Bayan Yanı
- A 2011 cover about cellulite
- Editor: co-operative
- Categories: Satirical magazine
- Frequency: Monthly
- First issue: March 2011
- Country: Turkey
- Based in: Avcılar near Istanbul
- Language: Turkish

= Bayan Yanı =

Bayan Yanı is a Turkish language satirical magazine that addresses feminist issues facing Women in Turkey.

==History==
Bayan Yanı was established in 2011. The magazine was originally intended to be a one-off publication for International Women's Day in 2011. It was started as a supplement to another satirical magazine, Leman.

Later the magazine became popular and it was converted into a monthly magazine. When it started it had a male editor. The magazine was later reported to be created via email without a named editor. The contributors are also known for their work with other Turkish satirical magazines. The magazine is led by Ezgi Aksoy and Feyhan Güver. The staff are mostly female but one of the main contributors is a man. There are twenty staff who wear jeans rather than headscarves. In 2011 the magazine had a circulation of 50,000 and a budget of $30,000. By 2017 they also had 240,000 followers on Facebook.

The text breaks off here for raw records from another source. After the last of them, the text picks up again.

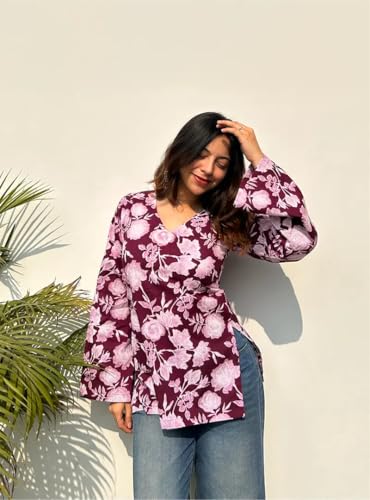 Image of ANNI Designer Cotton Short Kurti for Women | Stylish Kurti | Short Kurti Top | Casual Kurta for Women | Comfortable Cotton Kurtis for Womens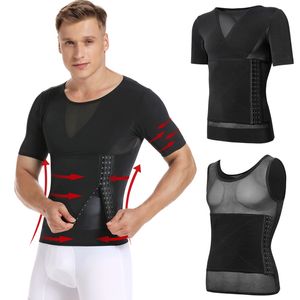 Mężczyźni Body Shaper Koszulki Kompresyjne Brzucha Shapewear Tummy Odchudzanie Skacze Ginekomastia Redukcja gorset Tablica Trener Slim Topy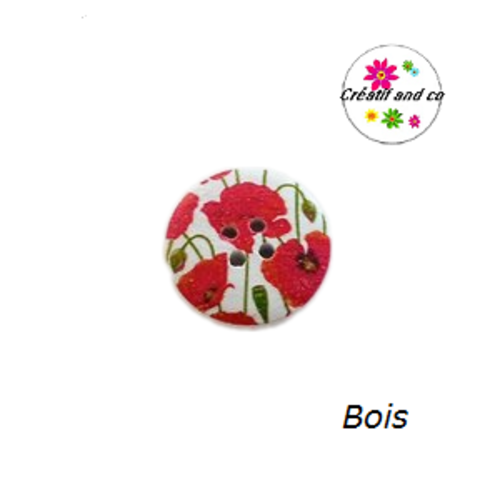 Bouton en bois vernis fleuri 20mm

Bayan Yani translates as "women side by side", referencing a Turkish intercity bus rule that forbids unrelated men and women from sitting together which can resulted in people being denied tickets despite there being empty seats because they were the wrong gender to make a pair. The magazine is not intended to a women's only magazine, in fact men have requested that the magazine's title should be changed so that they could avoid the embarrassment of buying a women's magazine. Most other magazine's in Turkey exploit women to gain sales. Bayan Yani is said to tackle these issues because these are the ones the contributors experience.

Citing as examples other arrested cartoonists such as Musa Kart, and the detention of many other media workers in Turkey, the contributors have said they know they risk the hazard of arrest in Turkey.